When examining your exempt employees, if they’re earning at least $35,568 per year then you’re all good. However, for the exempt employees who earn less than $35,568, you have a few options: increase salaries, limit overtime, or pay overtime wages. 

  • Increase salaries: If it makes financial sense then give both exempt and nonexempt employees pay raises. This will allow you to close the wage gap and avoid wage violations. Plus, the obvious, increases employee happiness. 
  • Limit overtime: You have the option to limit the number of overtime hours newly nonexempt employees are allowed to work. You probably know that overtime wages can quickly add up so if your plan is to cap overtime, or even ban it, then you need to let your employees know as soon as possible. 
  • Pay overtime wages: You are required by federal overtime law to pay any newly nonexempt employees overtime wages if they are earning less than $35,568 annually. Overtime is set at time and a half (or 1.5 times) the employee’s regular rate of pay for any hours that they work over 40 during the workweek. 

 

4. Discuss salary overtime changes with your employees.

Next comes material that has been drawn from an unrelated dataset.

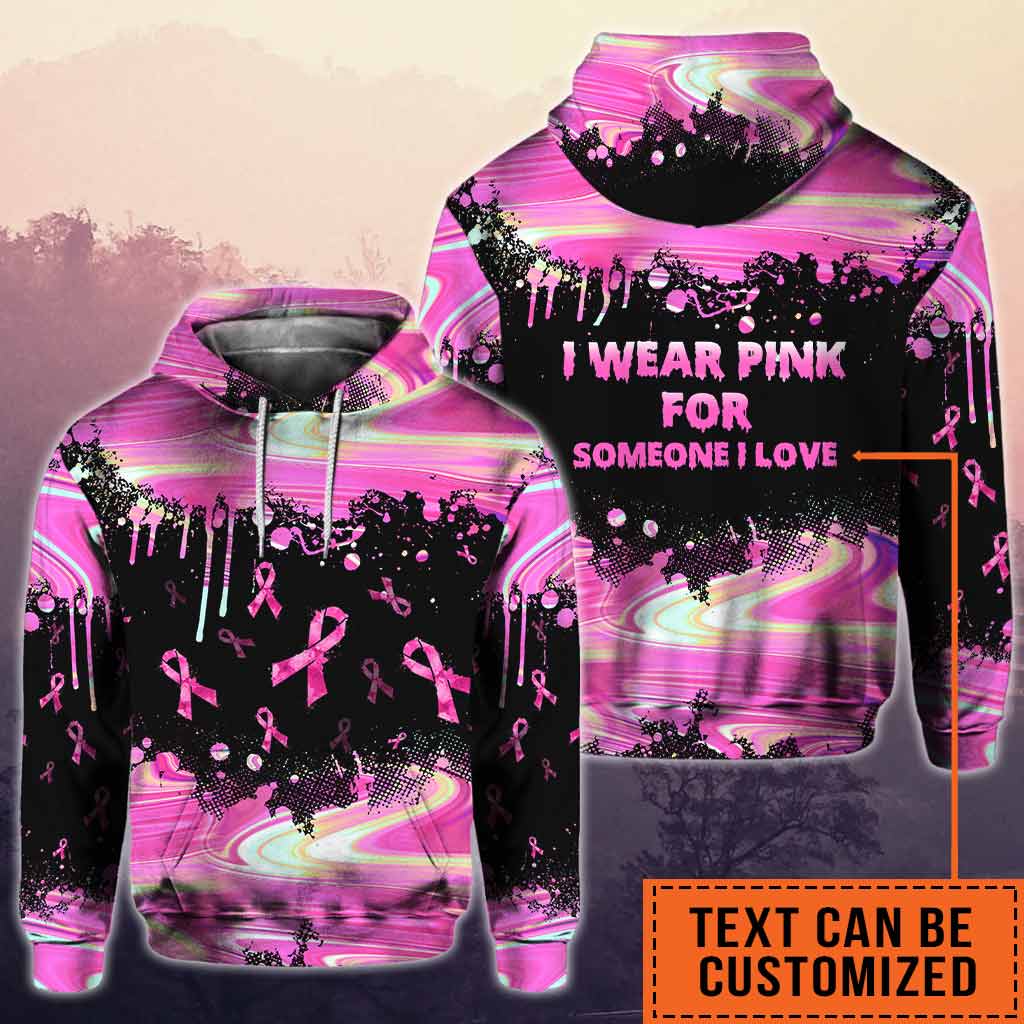 I Wear Pink For Someone I Love Paint Splash - Breast Cancer Awareness Personalized  All Over T-shirt and Hoodie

Once you are aware of what overtime rules you’ll be making then be sure to communicate this to any employees who will be impacted as early as possible. In addition, check your state law to see if there are any specific timeframes for providing such notice. All this allows for a smooth transition. 

If this is the first time you’ve heard of these new overtime rules, don’t worry. We’ve highlighted the big changes and have shown you what to do to make the changes needed. Additionally, make sure you consult with your legal team to ensure total compliance.